To be able to make this estimation, information regarding previously received audio frames must be available. This information is stored in step 36 in FIG. 3, and the information contains data associated with the last received audio frame, e.g. the arrival time, the RTP (Real-time Transport Protocol) time stamp, which may be calculated for each audio frame in a packet containing more than one audio frame by adding the appropriate number of audio frame_lengths to the RTP packet time stamp, and the RTP sequence number. The information may also include data regarding the current play-out state, the play-out time for the last played audio frame, and the RTP time stamp for the last played audio frame, which could be used for estimating the play-out delay, according to further embodiments of this invention, in which a more precise estimation is obtained.
FIG. 6 is a flow diagram illustrating the basic concept of this invention, i.e. how to estimate the required jitter buffer depth for a received audio frame, corresponding to step 34 in the above-described FIG. 3. In step 61 in FIG. 6, the previously received audio frame with the lowest transmission delay is located, i.e. the fastest audio frame, using stored information. In step 62, the play-out delay for a received audio frame is calculated, using data of the received audio frame and of said located fastest audio frame, e.g. the arrival time and the time stamps of said audio frames, as described above. In step 63, the play-out delay is transformed into a required jitter buffer depth, indicating the number of audio frames needed in the jitter buffer to accommodate the estimated play-out delay, and this transformation may e.g. be performed as described above, by determining the relationship between the estimated play-out delay in samples and the number of samples in the received audio frame.
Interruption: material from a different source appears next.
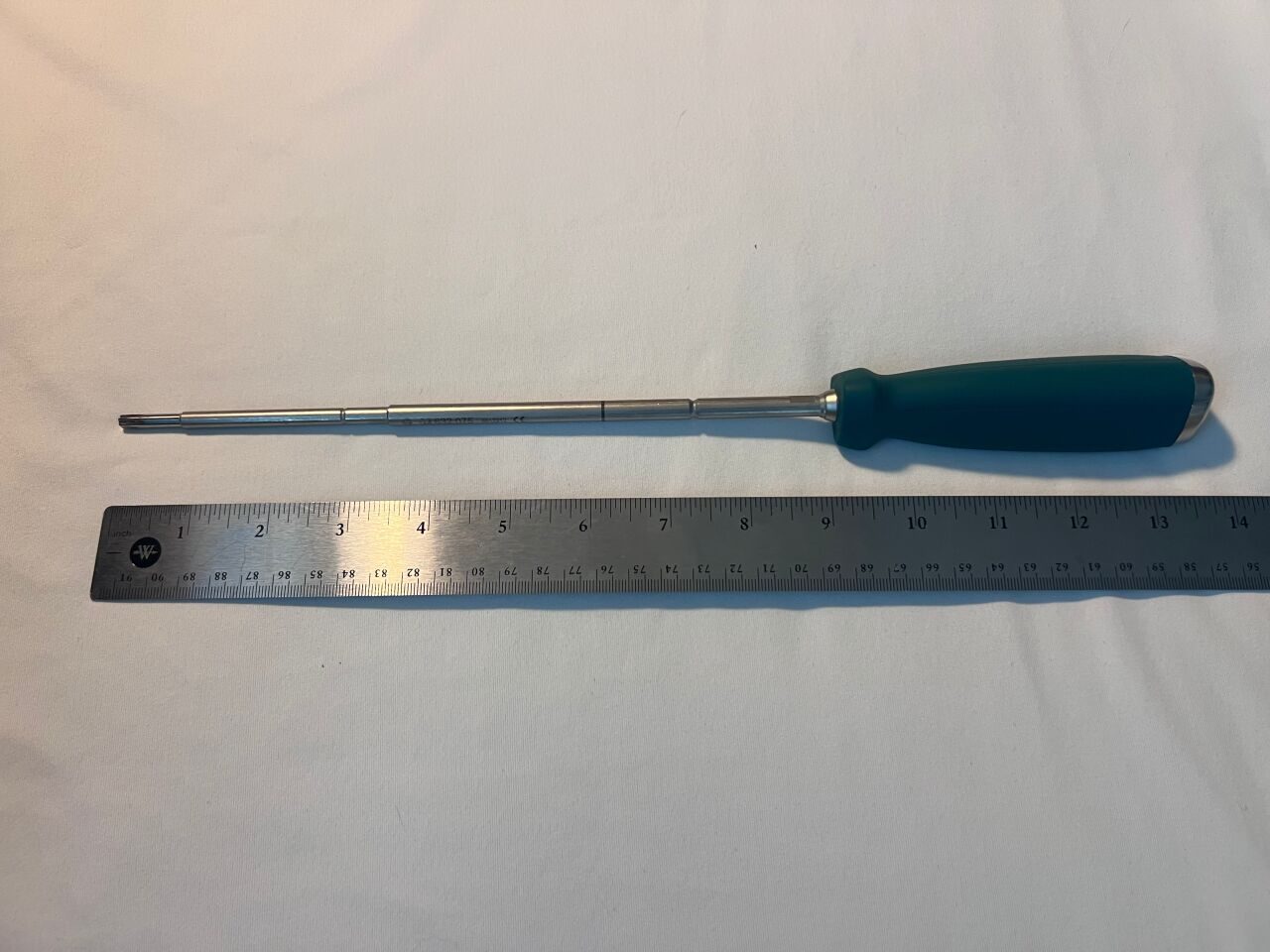 SYNTHES 03.632.075 Matrix Spine System T25 Long Stardrive Screwdriver — photo 2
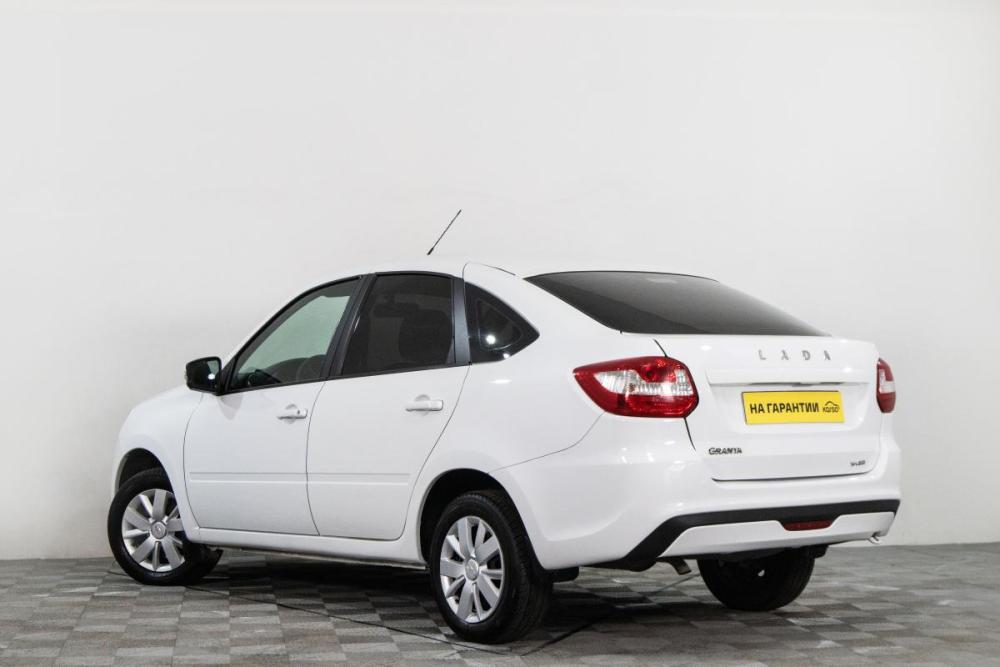 Lada (ВАЗ) Granta I Рестайлинг Сургут  - изображение 7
In FIG. 5, a jitter buffer (not illustrated in the figure) is connected to a play-out unit 50, which comprises an audio buffer 52 and a sound transducer 54. The jitter buffer of a receiving terminal is normally connected to the audio buffer 52 in the play-out unit 50. The sound transducer 54 fetches samples from the audio buffer 52 regularly, and this period is specified as the play-out_period. If the audio buffer is empty, an audio frame is fetched from the jitter buffer, decoded and stored in the audio buffer, from which data may be fetched by the sound transducer 54, e.g. with a play-out period of 20 msec. The length, expressed in a number of samples, of an audio frame is codec-dependent and must be specified in the audio frame_length, and the AMR-NB (Adaptive Multi Rate-Narrow Band) audio frame_length is 160 samples, corresponding to 20 msec.
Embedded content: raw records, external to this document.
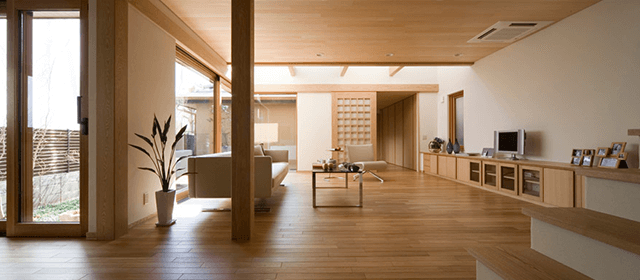 豪邸を建てるとは ～HOP 石出和博の想い～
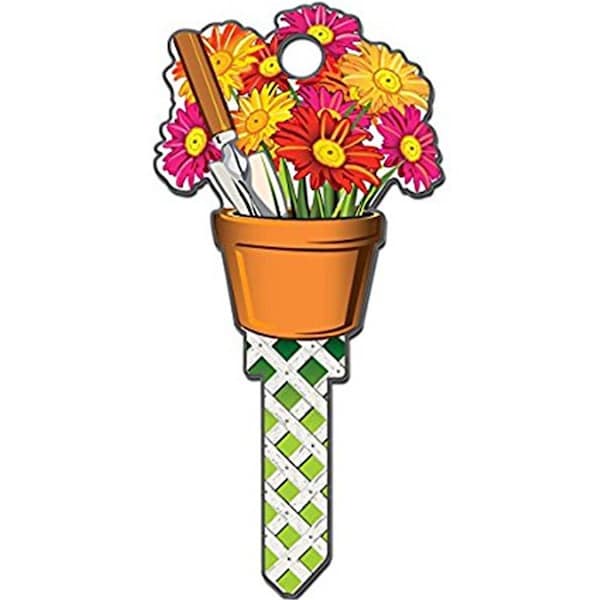 Gourmetgalley KW1 Gardening Key Blank - GO573283
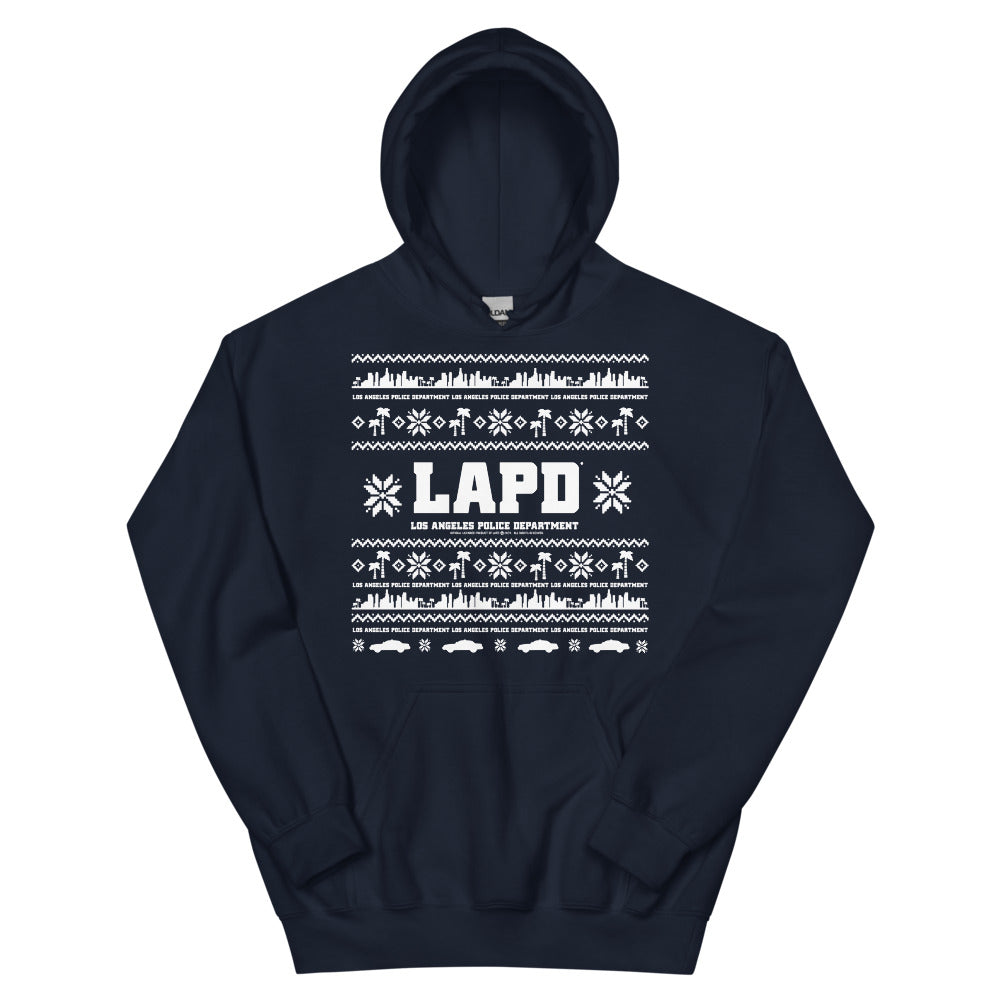 LAPD Holiday Hoodie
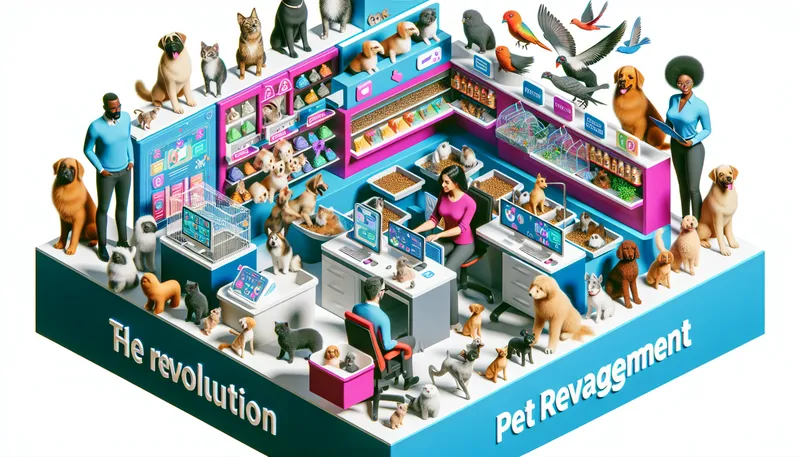 Sistema para Pet Shop: A Revolução no Gerenciamento do Seu Negócio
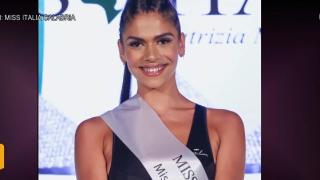 Осиновена българка ще се бори за най-красива италианка ВИДЕО 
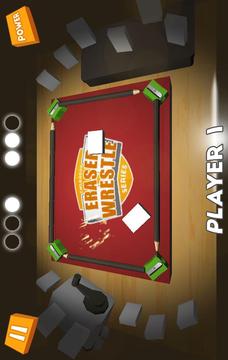 Eraser Wrestle游戲截圖3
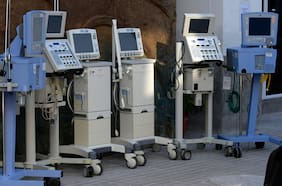 Disponibilidad de ventiladores en el sistema integrado covid se mantiene en un 13%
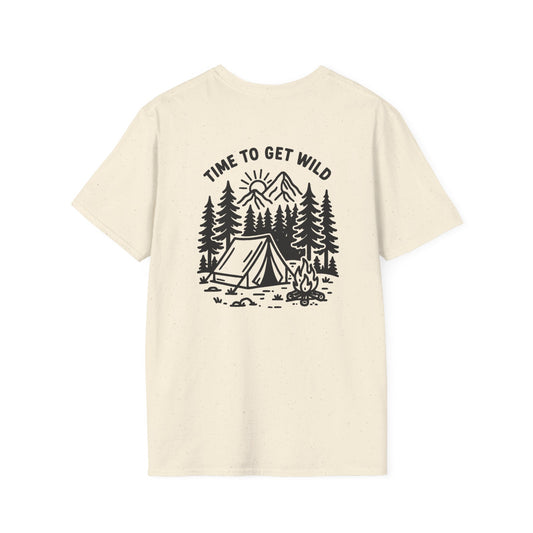 Outdoor Adventure T-Shirt - Soft Style
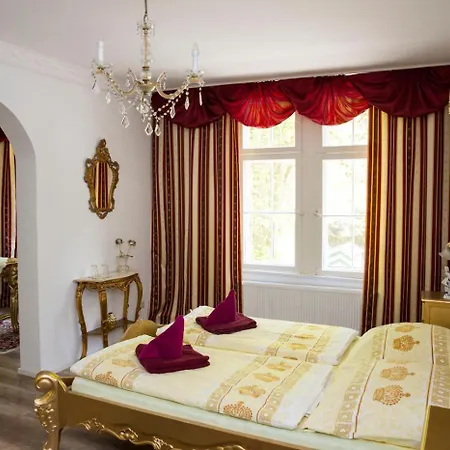 Hotel Koenigreich Romkerhall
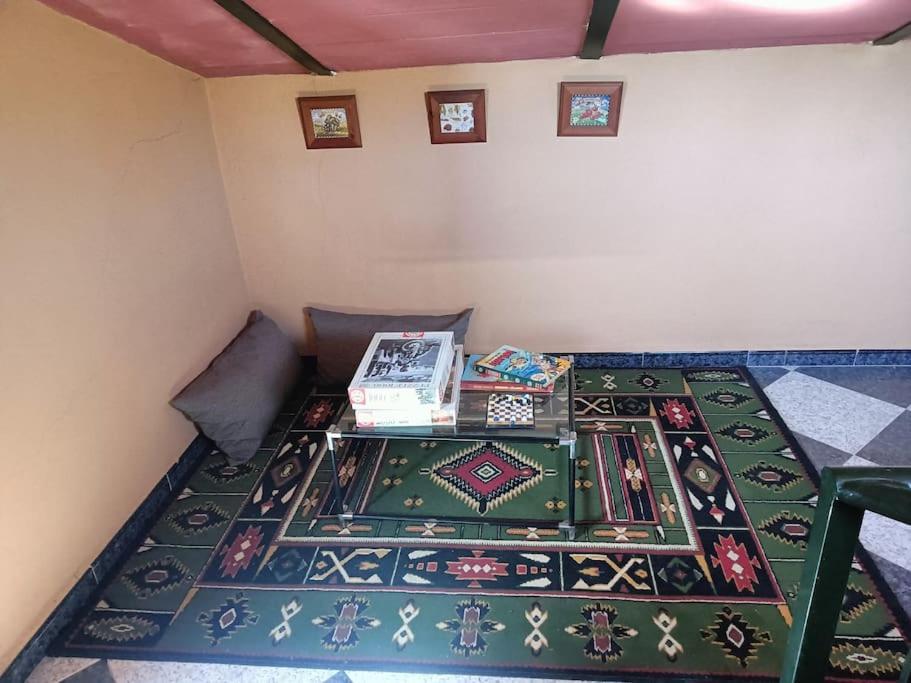 Casa Rural En El Campo Con Animales, Piscina Y Barbacoa Almodóvar del Río Esterno foto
According to this invention, a play-out delay is estimated in samples and transformed into a required jitter buffer depth expressed in a number of audio frames, which is adapted for jitter buffer management. According to a further embodiment of this invention, the current play-out state is also considered in the estimation of the play-out delay, or in the transformation of the play-out delay to a required buffer depth.
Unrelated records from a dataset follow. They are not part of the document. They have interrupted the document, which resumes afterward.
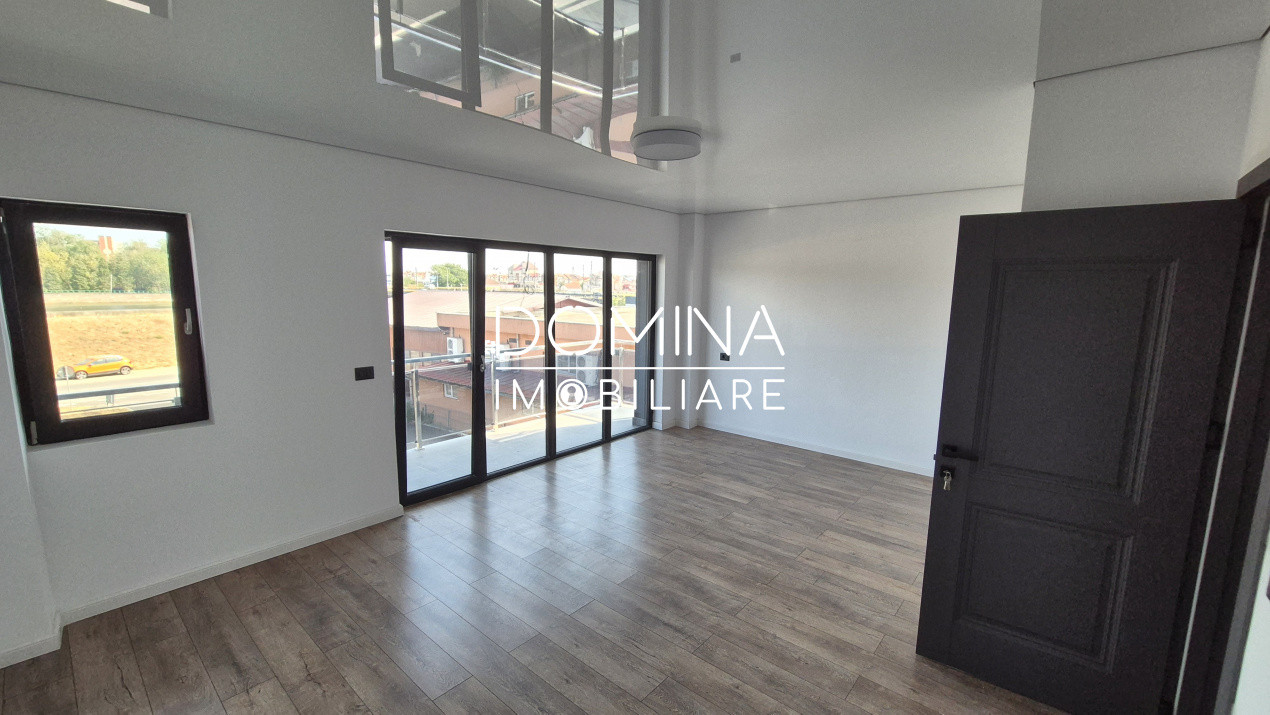 Vânzare apartament 2 camere, construcție 2026, zona Parcului Central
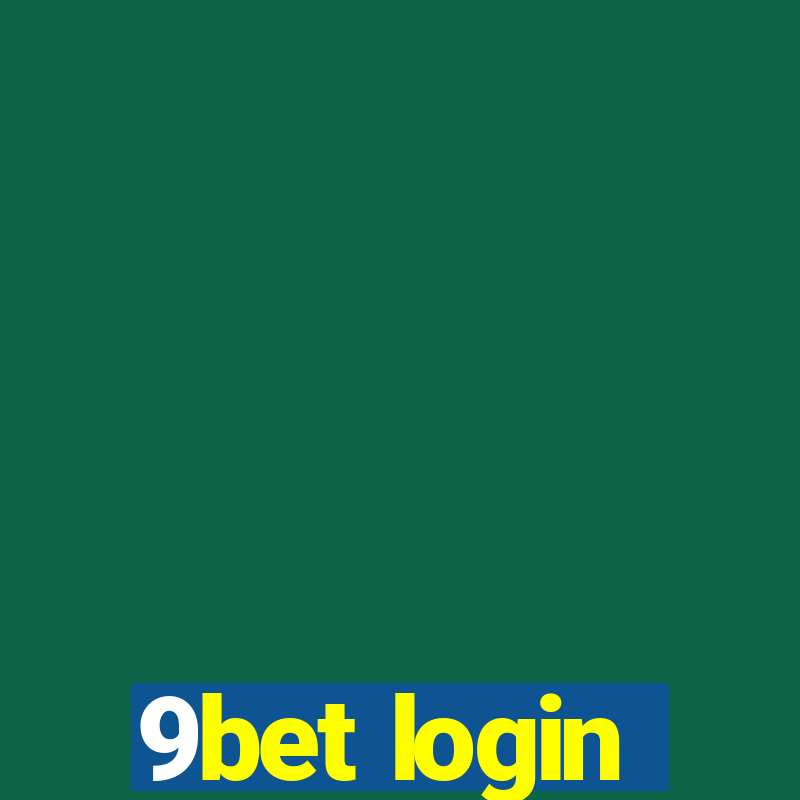 9bet login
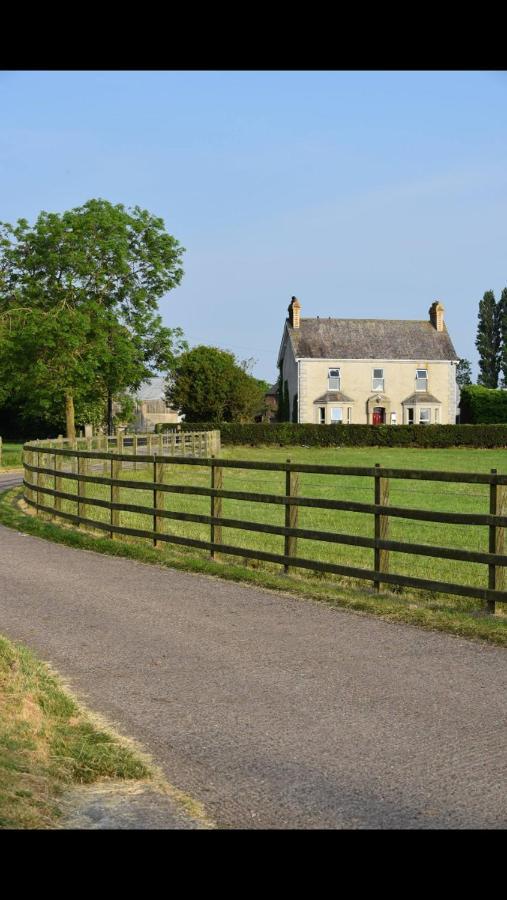 Ballyginniff Farm House Crumlin  Dış mekan fotoğraf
FIG. 7 illustrates how the play-out delay is calculated and quantified depending on the different play-out states, as indicated by Case 1, Case 2 and Case 3.
The play-out delay calculated according to Case 1, in step 75, relates to a play-out state in which play-out is not ongoing, or when it is acceptable with a predicted play-out delay up to 20 msec higher than the required delay, which is determined in step 70. According to Case 1, the play-out delay in samples for audio frame[0], i.e. play-out_delay[0], is calculated e.g. by the following algorithm, which is also described above:
play-out_delay[0]=(arrival_time[0]−arrival_time[max_index])−(time_stamp[0]−time_stamp[max_index])
Thereafter, this estimated play-out delay may be quantified in a maximum number of audio frames needed in the jitter buffer, the max_audio frames_in_buffer, i.e. the required buffer depth, e.g. by the following algorithm, which is also described above:
max_audio frames_in_buffer=1+ceil(play-out_delay[0]/audio frame_length)
The ceil(x) rounds x to the nearest integer towards infinity. Since the number of audio frames in the jitter buffer is counted just before a audio frame is extracted, a number 1 (one) has to be added in calculating the max_audio frames_in_buffer.
The play-out delay calculated according to Case 2, in step 74, relates to a play-out state when the play-out is ongoing when the fastest audio frame, audio frame[max_index], arrives, but not when the current audio frame, audio frame[0], arrives, as determined in step 73. The play-out delay for audio frame[0], expressed in a number of samples, is calculated e.g. by the following algorithm:
play-out_delay[0]=(arrival_time[0]−earliest_play-out_time[max_index])−(time_stamp[0]−time_stamp[max_index])
The earliest play-out_time[max_index] depends on when data is fetched from the jitter buffer. FIG. 8 a illustrates data fetched from the jitter buffer for play-out at the time instances indicated by 80 a, 80 b, 80 c and 80 d, and the play-out period 81 may be e.g. 20 msec. The arrival time for the fastest audio frame, arrival_time[max_index], is indicated by 82, and the earliest play-out time for said fastest audio frame, earliest_play-out_time[max_index], corresponds to the time instance indicated by 80 b. Thus, FIG. 8 a illustrates the relation between the arrival_time[max_index] and the play-out time, and the maximum distance between the arrival_time[max_index] 82 and the earliest_play-out_time[max_index]80 b will be shorter than the play-out_period 81.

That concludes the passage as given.